Die Russen kommen nicht erst – sie sind schon da! Und zwar all überall, wenn man den Veranstaltungskalendern in den einschlägigen Magazinen Glauben schenken darf. Man kann die Organisatoren dieser „Schwanensee“- und „Nußknacker“-Tourneen nur bewundern, wie sie es schaffen, kontinuierlich einen Termin an den anderen zu reihen, heute mit dem sogenannten Russischen Nationalballett hier zu sein, für morgen bereits das Russische Staatsballett anzukündigen und in der nächsten Woche dann das Russische Imperialballett, um darauf das St. Petersburger Staatsballett folgen zu lassen.
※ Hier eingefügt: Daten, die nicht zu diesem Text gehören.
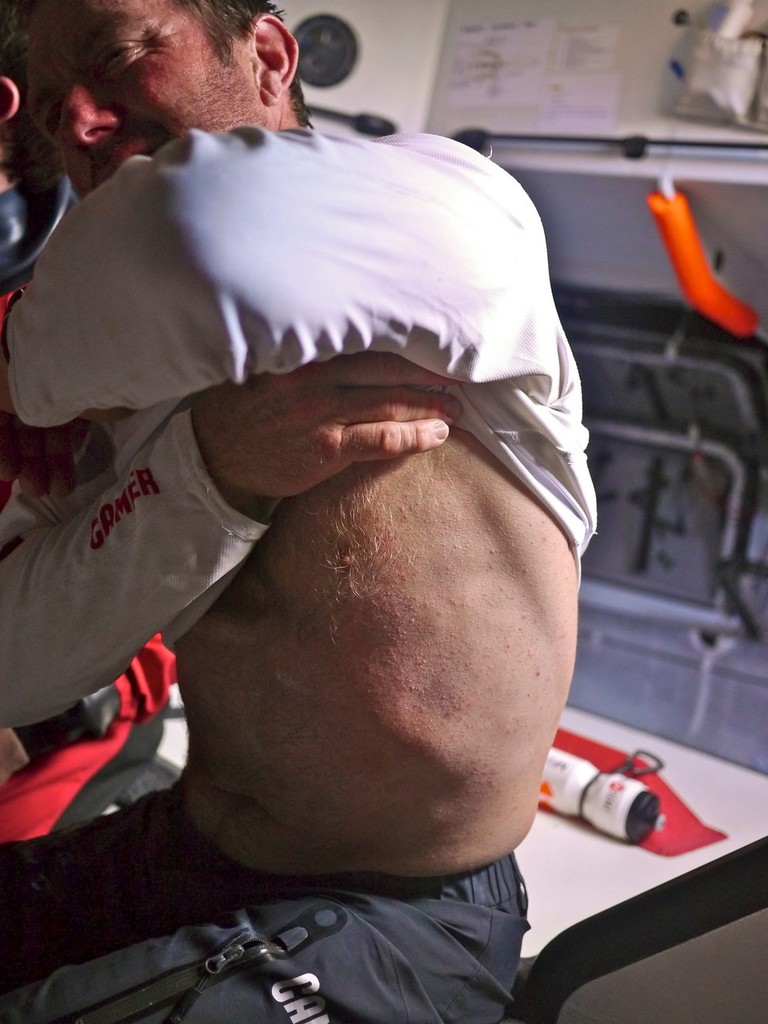 Tony Rae showing the location of his rib injury onboard Camper  during leg 4 of the Volvo Ocean Race 2011-12, from Sanya, China to Auckland, New Zealand.  © Hamish Hooper/Camper ETNZ/Volvo Ocean Race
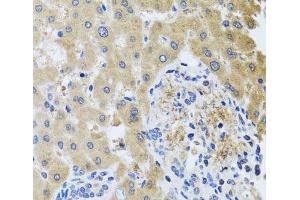 Immunohistochemistry of paraffin-embedded Human liver damage using RHOB Polyclonal Antibody at dilution of 1:100 (40x lens). (RHOB antibody)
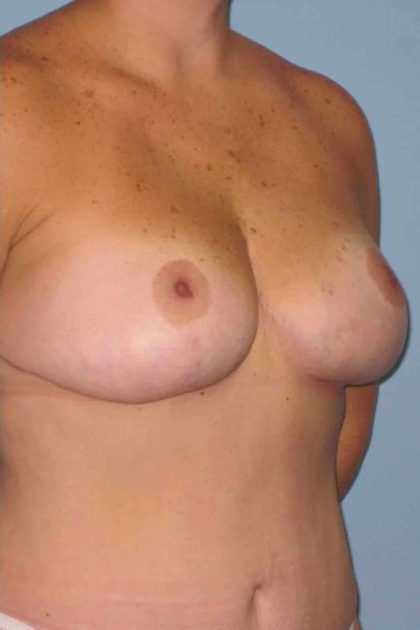 Breast Lift Before & After Patient #12010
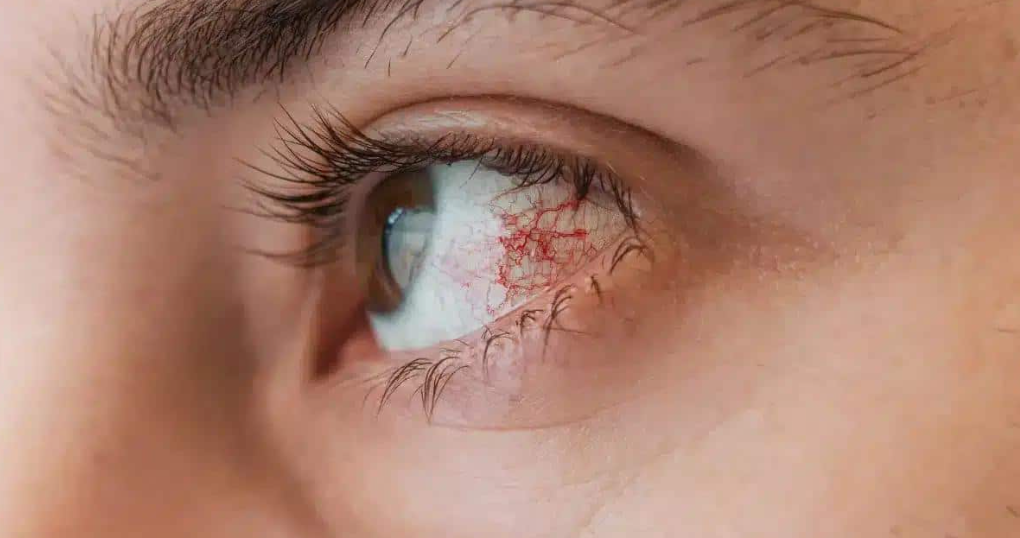 결막염,충혈된 눈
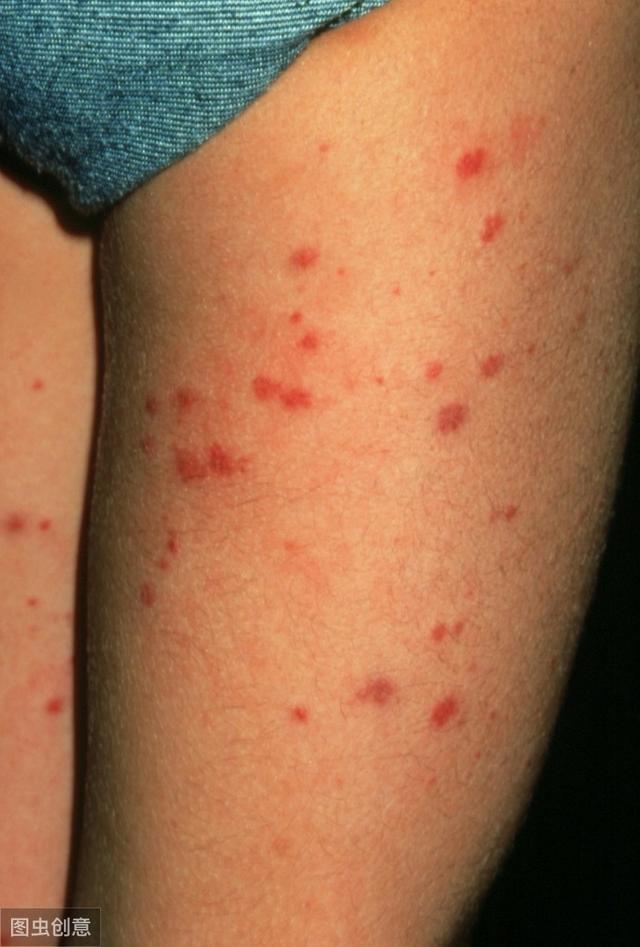 『中药』血小板减少性紫癜,服中药1个月,16年未曾复发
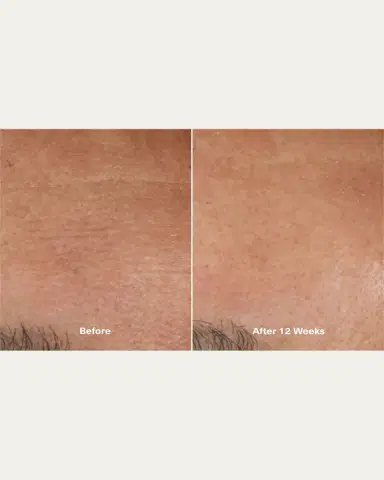 La Mer The Moisturizing Soft Cream, 0.5 oz. | Thumbnail 5 La Mer The Moisturizing Soft Cream, 0.5 oz. | Thumbnail 5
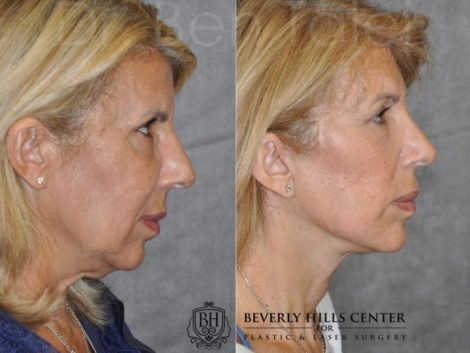 AuraLyft, Lower Eyelid Rejuvenation & Minimally Invasive Rhinoplasty - Right Side
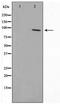 SUMO Specific Peptidase 5 antibody, TA347493, Origene, Western Blot image 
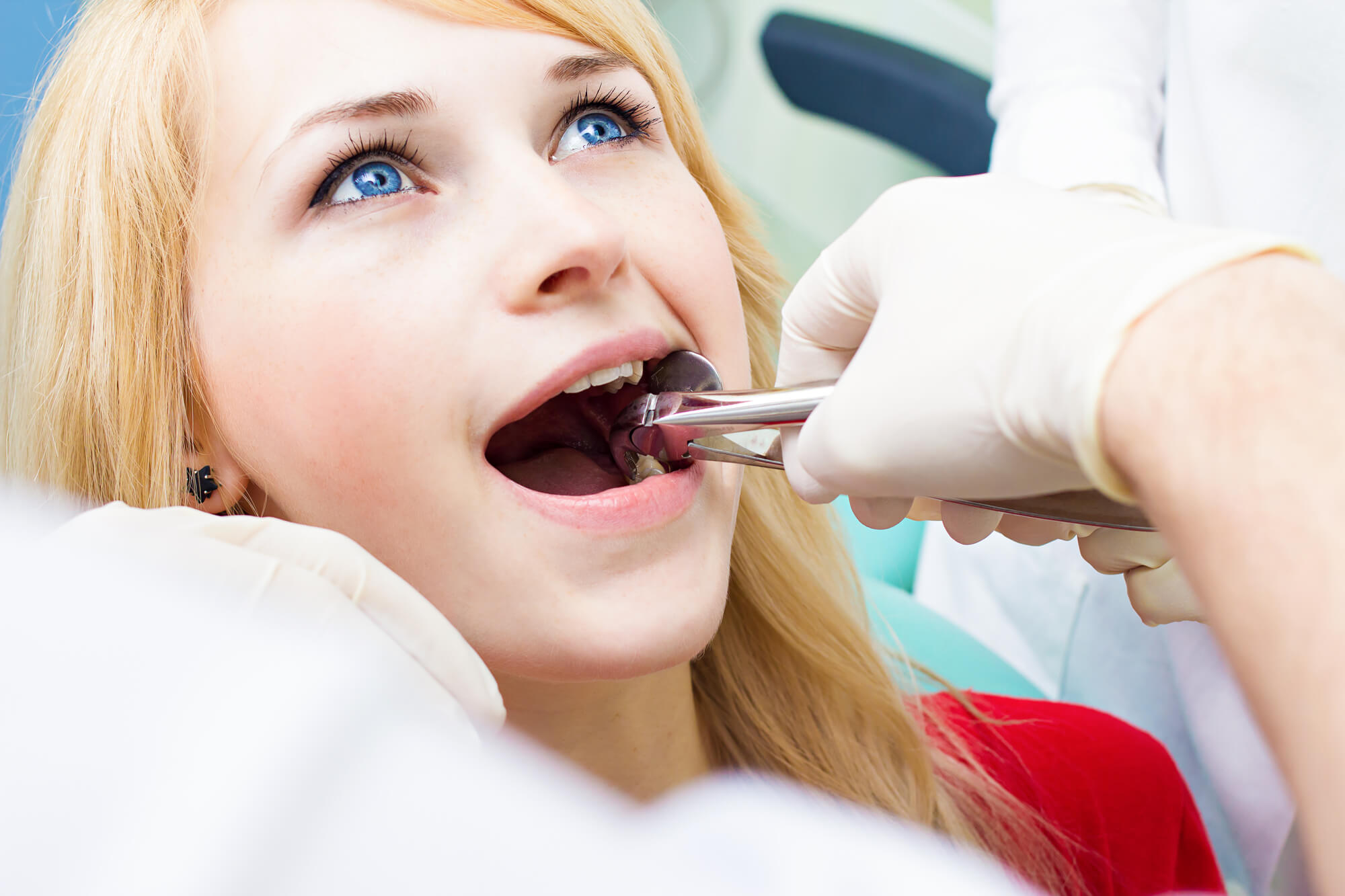 Wisdom Tooth Extraction cost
Und als ob das noch nicht genug wäre, offerieren sie zur gleichen Zeit auch noch das Ballett des Staatlichen Akademischen Musiktheaters Kiew, das Ballett der Tatarischen Staatsoper Kasan und das Ballett der Staatsoper Minsk, während zum Einspringen notfalls auch das Rumänische Staatsballett bereitsteht. Und sollte zwischen Schleswig-Holstein und dem Burgenland, zwischen Saarbrücken und Frankfurt an der Oder noch ein zusätzlicher „Schwanensee“ oder „Nußknacker“ gewünscht sein – bitte: das Ballet Classique de Paris der unermüdlichen Jaqueline Jacquet macht sich bereits in den Kulissen warm. Und das ja durchaus nicht nur in der abgeschiedenen Provinz, sondern selbst in den sogenannten Balletthochburgen wie Berlin, München, Stuttgart und Wien, die ihre eigenen hausgemachten Produkte offerieren.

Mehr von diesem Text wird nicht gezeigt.